Key Experimental Results¶
Main Results (Zero-shot Species Classification Accuracy)¶
| Model | NABirds | Plankton | Insects | Camera Trap | Fungi | Rare Species | Average |
|---|---|---|---|---|---|---|---|
| CLIP | 39.0 | 3.3 | 7.4 | 28.1 | 8.6 | 25.7 | 19.4 |
| BioCLIP | 58.8 | 6.1 | 34.9 | 31.7 | 40.9 | 37.1 | 37.6 |
| BioCAP | 67.6 | 7.2 | 41.9 | 37.4 | 64.4 | 44.2 | 46.4 |
Text-Image Retrieval (Recall@10)¶
| Model | INQUIRE (AP@50) | Cornell Bird I2T | PlantID I2T | Avg Gain vs BioCLIP |
|---|---|---|---|---|
| BioCLIP | ~31 | 15.4 | 48.4 | - |
| BioCAP | ~35 | 55.3 | 59.6 | +21.9% |
Key Findings¶
- Caption quality is paramount: generating captions with unguided MLLMs actually degrades performance; guidance from Wikipedia and format examples leads to significant improvements (e.g., Fungi from 40.9% to 64.4%, a 23.5% gain).
- Separated projectors outperform shared projectors, verifying that species names and captions require different visual representations.
- Wikipedia information covering only 29.5% of species brought an average improvement of 8.8%, suggesting further gains with expanded coverage.
- On the most challenging Rare Species benchmark, it achieved a 7.1% improvement, proving that captions help the model generalize to rare species.
Highlights & Insights¶
- Strong validation of "captions over labels": In biology, a domain rich in labels but poor in captions, this work demonstrates the immense value of descriptive text as an additional supervision signal.

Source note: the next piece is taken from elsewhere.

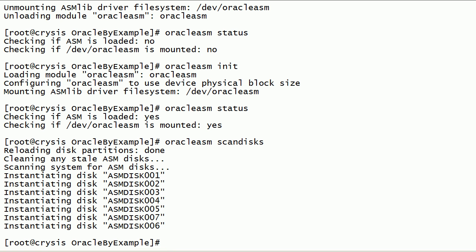In this session, we have looked at how to use the Oracle ASM lib command to update the Oracle ASM lib kernel driver. We have also looked at how to stop and unload the Oracle ASM lib kernel driver module.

- Methodology for reducing hallucinations via domain knowledge: The pipeline involving Wikipedia extraction and taxonomic format examples serves as a reusable template for any scenario requiring faithful domain-specific captions from MLLMs.
- Morphological space framework: Explains why captions are effective using a causal generative model, moving beyond simple engineering heuristics.
Limitations & Future Work¶
- Wikipedia visual information only covers 29.5% of species; many species might still have lower-quality captions due to the lack of domain priors.
- Based on ViT-B/16; results have not been verified on larger models (ViT-L or larger CLIP).
- The use of InternVL3-38B for caption generation may introduce model-specific biases.
- Format examples require manual verification (896 examples), which may become a bottleneck for scaling.
Related Work & Insights¶
- vs BioCLIP: BioCAP adds caption supervision to BioCLIP, achieving an 8.8% average improvement and highlighting the importance of supervision beyond labels.
- vs LaCLIP/VeCLIP: While these methods rewrite existing captions in the general domain using LLMs, BioCAP addresses the lack of captions in the biological domain by generating them from scratch.
- vs FG-CLIP: FG-CLIP uses long captions for fine-grained alignment but underperforms compared to BioCLIP on biological tasks due to the lack of domain-specific guidance.
Rating¶
- Novelty: ⭐⭐⭐⭐ The domain-knowledge-guided caption generation pipeline is creative.
- Experimental Thoroughness: ⭐⭐⭐⭐⭐ Comprehensive evaluation across 10 classification benchmarks and 3 retrieval tasks with thorough ablations.
- Writing Quality: ⭐⭐⭐⭐⭐ Clear theoretical motivation, detailed methodology, and excellent illustrations.
- Value: ⭐⭐⭐⭐ Provides a valuable methodology for multimodal foundation models in scientific domains.